* _WHAT YOU NEED TO DO_
Extract the data exactly, missing nothing.

[Items listed in a dataset]
⁂

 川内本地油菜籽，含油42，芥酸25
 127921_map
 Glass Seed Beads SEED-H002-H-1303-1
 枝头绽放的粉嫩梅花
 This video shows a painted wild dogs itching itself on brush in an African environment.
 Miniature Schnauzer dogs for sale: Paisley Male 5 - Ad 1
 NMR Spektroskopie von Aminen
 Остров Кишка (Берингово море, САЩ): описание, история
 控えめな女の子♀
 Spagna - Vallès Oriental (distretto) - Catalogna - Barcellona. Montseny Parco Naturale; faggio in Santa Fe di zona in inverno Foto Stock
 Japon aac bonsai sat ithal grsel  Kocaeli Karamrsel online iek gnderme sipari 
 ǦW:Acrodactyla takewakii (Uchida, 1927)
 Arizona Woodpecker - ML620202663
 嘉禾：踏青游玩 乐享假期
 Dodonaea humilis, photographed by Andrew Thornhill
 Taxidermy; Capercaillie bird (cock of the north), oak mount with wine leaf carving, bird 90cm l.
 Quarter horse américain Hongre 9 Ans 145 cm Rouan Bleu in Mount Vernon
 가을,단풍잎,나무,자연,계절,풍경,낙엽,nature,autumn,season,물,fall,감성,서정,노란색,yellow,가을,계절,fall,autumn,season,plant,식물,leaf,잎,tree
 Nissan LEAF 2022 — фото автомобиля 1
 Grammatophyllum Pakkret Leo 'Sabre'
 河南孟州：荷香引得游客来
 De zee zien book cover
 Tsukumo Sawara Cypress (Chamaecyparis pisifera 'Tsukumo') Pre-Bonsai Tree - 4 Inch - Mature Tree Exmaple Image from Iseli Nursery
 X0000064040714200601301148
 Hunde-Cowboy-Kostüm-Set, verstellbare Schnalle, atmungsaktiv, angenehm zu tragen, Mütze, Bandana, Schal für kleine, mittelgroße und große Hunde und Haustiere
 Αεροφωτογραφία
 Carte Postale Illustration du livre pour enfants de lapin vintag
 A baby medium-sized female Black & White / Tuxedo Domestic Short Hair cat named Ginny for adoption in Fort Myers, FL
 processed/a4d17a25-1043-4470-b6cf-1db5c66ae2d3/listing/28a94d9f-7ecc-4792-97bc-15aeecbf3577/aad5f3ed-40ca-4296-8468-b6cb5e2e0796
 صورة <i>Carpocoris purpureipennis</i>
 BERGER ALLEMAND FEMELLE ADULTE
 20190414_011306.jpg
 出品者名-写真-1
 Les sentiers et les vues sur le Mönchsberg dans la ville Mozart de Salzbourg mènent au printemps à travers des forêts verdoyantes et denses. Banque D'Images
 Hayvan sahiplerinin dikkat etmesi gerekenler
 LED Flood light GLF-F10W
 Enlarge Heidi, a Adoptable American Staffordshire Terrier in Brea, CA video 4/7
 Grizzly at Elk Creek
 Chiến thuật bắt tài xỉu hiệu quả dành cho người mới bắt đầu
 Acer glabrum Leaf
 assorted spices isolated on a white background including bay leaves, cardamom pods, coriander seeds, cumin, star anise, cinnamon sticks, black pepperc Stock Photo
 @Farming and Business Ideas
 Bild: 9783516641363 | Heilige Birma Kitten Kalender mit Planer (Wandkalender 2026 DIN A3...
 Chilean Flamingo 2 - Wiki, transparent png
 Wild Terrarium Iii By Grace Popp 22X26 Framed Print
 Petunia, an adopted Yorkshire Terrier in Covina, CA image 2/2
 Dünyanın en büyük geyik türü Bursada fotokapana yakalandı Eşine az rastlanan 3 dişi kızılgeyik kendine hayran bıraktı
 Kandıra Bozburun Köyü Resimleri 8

⁂

* _SOLUTION BELOW_
 川内本地油菜籽，含油42，芥酸25
 127921_map
 Glass Seed Beads SEED-H002-H-1303-1
 枝头绽放的粉嫩梅花
 This video shows a painted wild dogs itching itself on brush in an African environment.
 Miniature Schnauzer dogs for sale: Paisley Male 5 - Ad 1
 NMR Spektroskopie von Aminen
 Остров Кишка (Берингово море, САЩ): описание, история
 控えめな女の子♀
 Spagna - Vallès Oriental (distretto) - Catalogna - Barcellona. Montseny Parco Naturale; faggio in Santa Fe di zona in inverno Foto Stock
 Japon aac bonsai sat ithal grsel  Kocaeli Karamrsel online iek gnderme sipari 
 ǦW:Acrodactyla takewakii (Uchida, 1927)
 Arizona Woodpecker - ML620202663
 嘉禾：踏青游玩 乐享假期
 Dodonaea humilis, photographed by Andrew Thornhill
 Taxidermy; Capercaillie bird (cock of the north), oak mount with wine leaf carving, bird 90cm l.
 Quarter horse américain Hongre 9 Ans 145 cm Rouan Bleu in Mount Vernon
 가을,단풍잎,나무,자연,계절,풍경,낙엽,nature,autumn,season,물,fall,감성,서정,노란색,yellow,가을,계절,fall,autumn,season,plant,식물,leaf,잎,tree
 Nissan LEAF 2022 — фото автомобиля 1
 Grammatophyllum Pakkret Leo 'Sabre'
 河南孟州：荷香引得游客来
 De zee zien book cover
 Tsukumo Sawara Cypress (Chamaecyparis pisifera 'Tsukumo') Pre-Bonsai Tree - 4 Inch - Mature Tree Exmaple Image from Iseli Nursery
 X0000064040714200601301148
 Hunde-Cowboy-Kostüm-Set, verstellbare Schnalle, atmungsaktiv, angenehm zu tragen, Mütze, Bandana, Schal für kleine, mittelgroße und große Hunde und Haustiere
 Αεροφωτογραφία
 Carte Postale Illustration du livre pour enfants de lapin vintag
 A baby medium-sized female Black & White / Tuxedo Domestic Short Hair cat named Ginny for adoption in Fort Myers, FL
 processed/a4d17a25-1043-4470-b6cf-1db5c66ae2d3/listing/28a94d9f-7ecc-4792-97bc-15aeecbf3577/aad5f3ed-40ca-4296-8468-b6cb5e2e0796
 صورة <i>Carpocoris purpureipennis</i>
 BERGER ALLEMAND FEMELLE ADULTE
 20190414_011306.jpg
 出品者名-写真-1
 Les sentiers et les vues sur le Mönchsberg dans la ville Mozart de Salzbourg mènent au printemps à travers des forêts verdoyantes et denses. Banque D'Images
 Hayvan sahiplerinin dikkat etmesi gerekenler
 LED Flood light GLF-F10W
 Enlarge Heidi, a Adoptable American Staffordshire Terrier in Brea, CA video 4/7
 Grizzly at Elk Creek
 Chiến thuật bắt tài xỉu hiệu quả dành cho người mới bắt đầu
 Acer glabrum Leaf
 assorted spices isolated on a white background including bay leaves, cardamom pods, coriander seeds, cumin, star anise, cinnamon sticks, black pepperc Stock Photo
 @Farming and Business Ideas
 Bild: 9783516641363 | Heilige Birma Kitten Kalender mit Planer (Wandkalender 2026 DIN A3...
 Chilean Flamingo 2 - Wiki, transparent png
 Wild Terrarium Iii By Grace Popp 22X26 Framed Print
 Petunia, an adopted Yorkshire Terrier in Covina, CA image 2/2
 Dünyanın en büyük geyik türü Bursada fotokapana yakalandı Eşine az rastlanan 3 dişi kızılgeyik kendine hayran bıraktı
 Kandıra Bozburun Köyü Resimleri 8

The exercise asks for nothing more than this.